Like many countries in the Middle East and North Africa region, Israel faces a variety of water-related challenges including growing demand, urbanization, and climate change. Faced with these challenges, Israel made long-term investments in technology that have paid off in the form of a dynamic, export-oriented water sector. Water has become a US$2 billion industry for Israel, consisting of at least 300 companies and over 100 startups. Growth has been rapid; the sector has seen an increase in exports of almost 200% in just three years. The Israeli government now sees water technology and related services as one of the most promising opportunities for export-oriented growth, underscoring how Israel has managed to turn water scarcity from a brake on development into an engine for it.

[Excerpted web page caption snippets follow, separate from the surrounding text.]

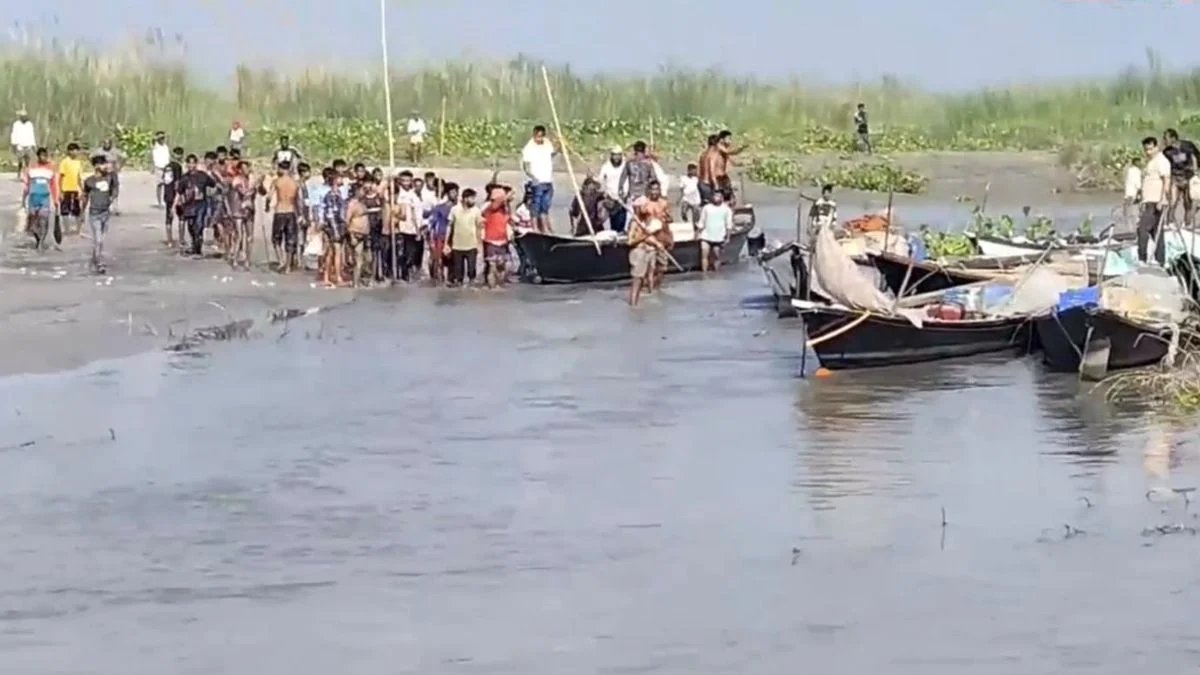 মা ইলিশ রক্ষার অভিযানে এমপির ওপর জেলেদের হামলা
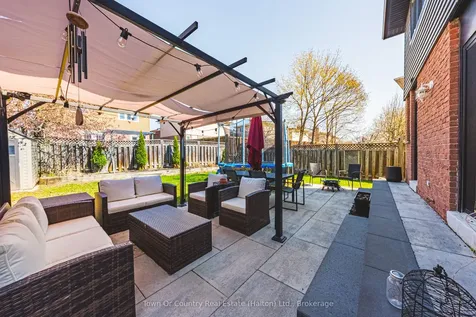 729 Coulson Avenue Milton ON L9T 4J3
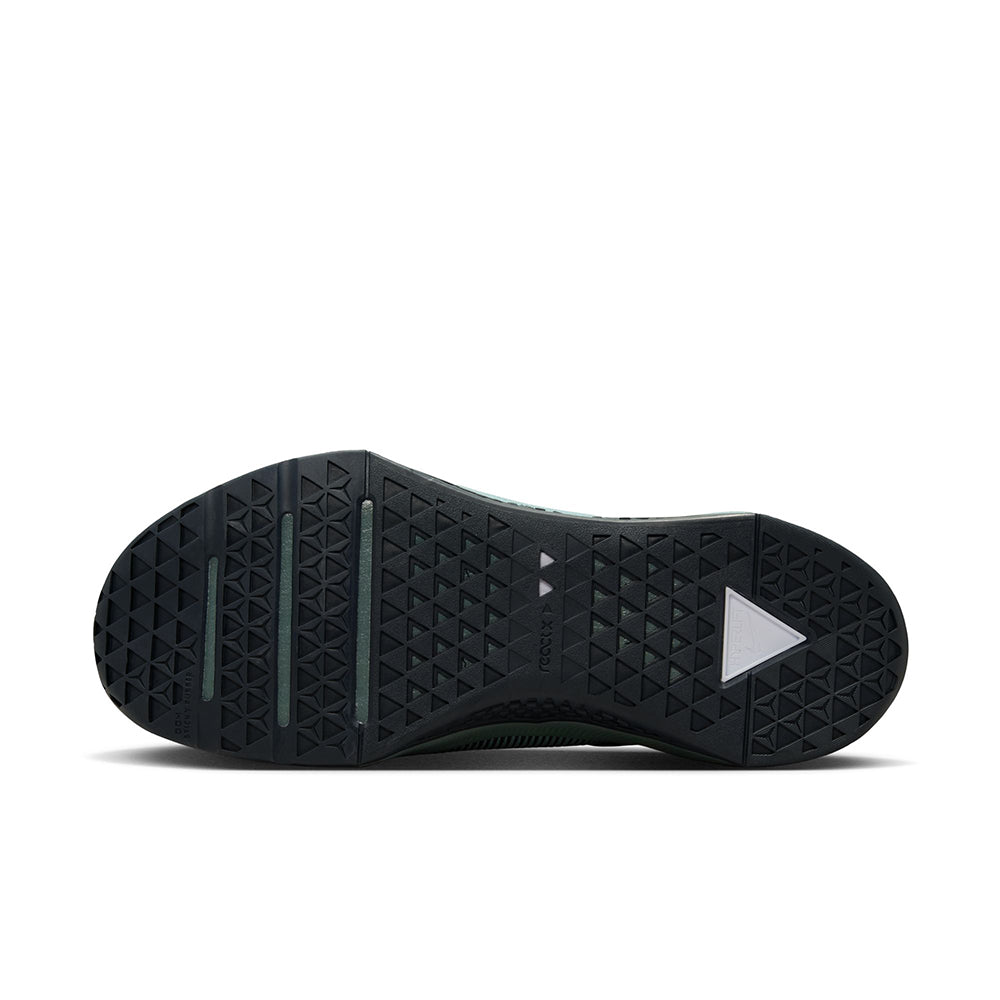 Nike Mens Metcon 10 Fitness Shoes in Green Color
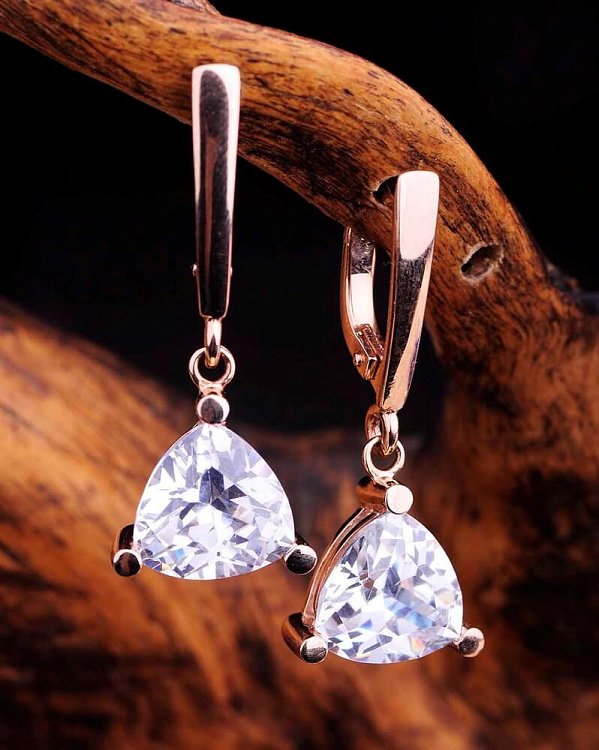 Золоті сережки з фіанітами с02358 від ювелірного магазину Онікс - 4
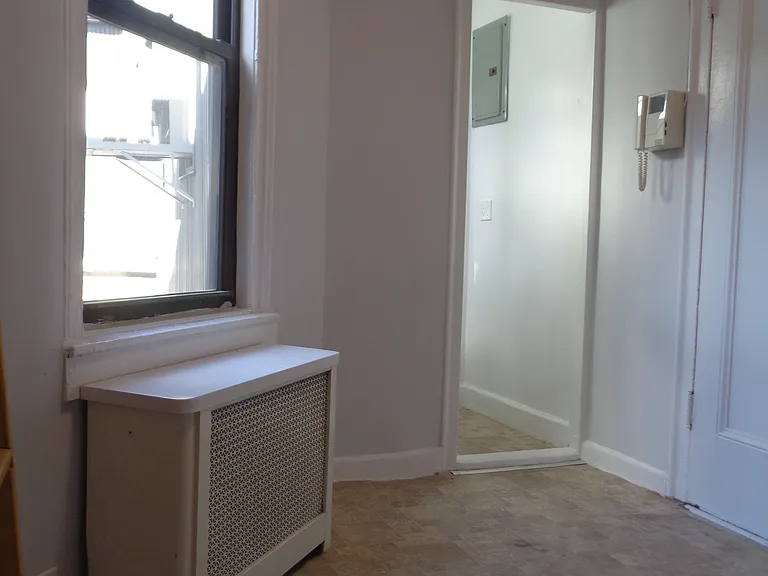 949 W End Ave #D — Photo 1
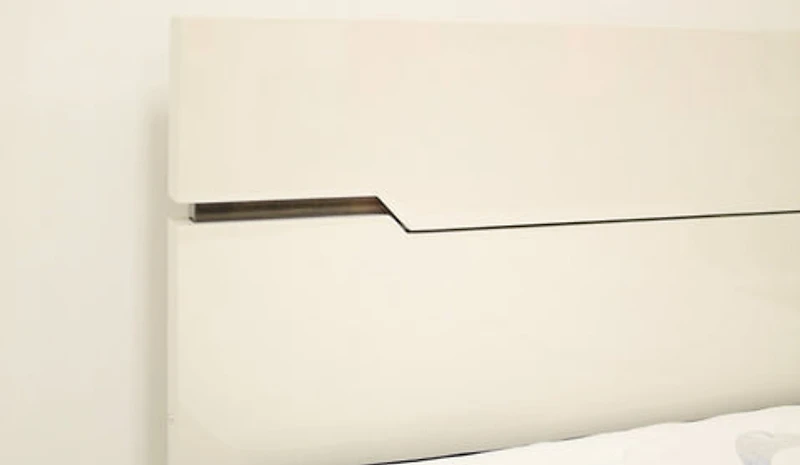 Benson Grey/ Brown Glossy Finish King Bed With Storage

Israel’s strategy has been long in the making, and relies on a complex framework of public finance, technology, policies, and institutions. Beginning in the 1960s, the Israeli government invested in state-owned enterprises focused on reducing irrigation water use, the single biggest consumer of water. One of these firms, Netafim, was a pioneer in drip irrigation, which improves the efficiency of irrigation to 95%, as compared to 50% using traditional flood irrigation. State investment, including long-term financing arrangements produced by the Ministry of Finance, has also been critical to the expansion of desalination, which now provides some 80% of Israel’s domestic and municipal water. Using advanced remote osmosis technologies and improved process engineering, Israel’s desalination plants are some of the most efficient in the world, delivering water at a price of US$0.68 per cubic meter, well below the global average of approximately US$0.81.
But Israel’s water technology sector isn’t solely the product of state-led investment. It’s also sustained by the country’s progressive approach to water pricing, which aims to promote water conservation while also ensuring that investments in water supply and delivery are sustainable, with operation and maintenance expenses financed by tariffs paid by water users. This tariff, currently set at US$2.55 per cubic meter for most water users, includes only a 4.5% subsidy This relatively high water tariff creates a dependable revenue for Israel’s utilities, and a strong profit motive for companies whose technology and processes can further reduce water use.
Perhaps even more important than these favorable economics, however, is the institutional support that the Israeli government provides for entrepreneurs and researchers in the water sector. Israel’s government-funded Innovation Authority and Export Institute have both identified water as a strategic growth opportunity, and provide water technology companies with startup financing, export assurances, and assistance in promoting products abroad. A sectoral growth strategy produced by Deloitte on behalf of the Manufacturers Association of Israel has been embraced by the government, including holding a major industry conference – WATEC– every two years.
The Israeli example shows that in technology, financing, policy, and institutions. For World Bank client countries that are severely affected by water scarcity, the case of Israel suggests that investing in a combination of sound policy incentives and technology can create substantial rewards, not only in the water sector, but more broadly for innovation-led economic growth as well.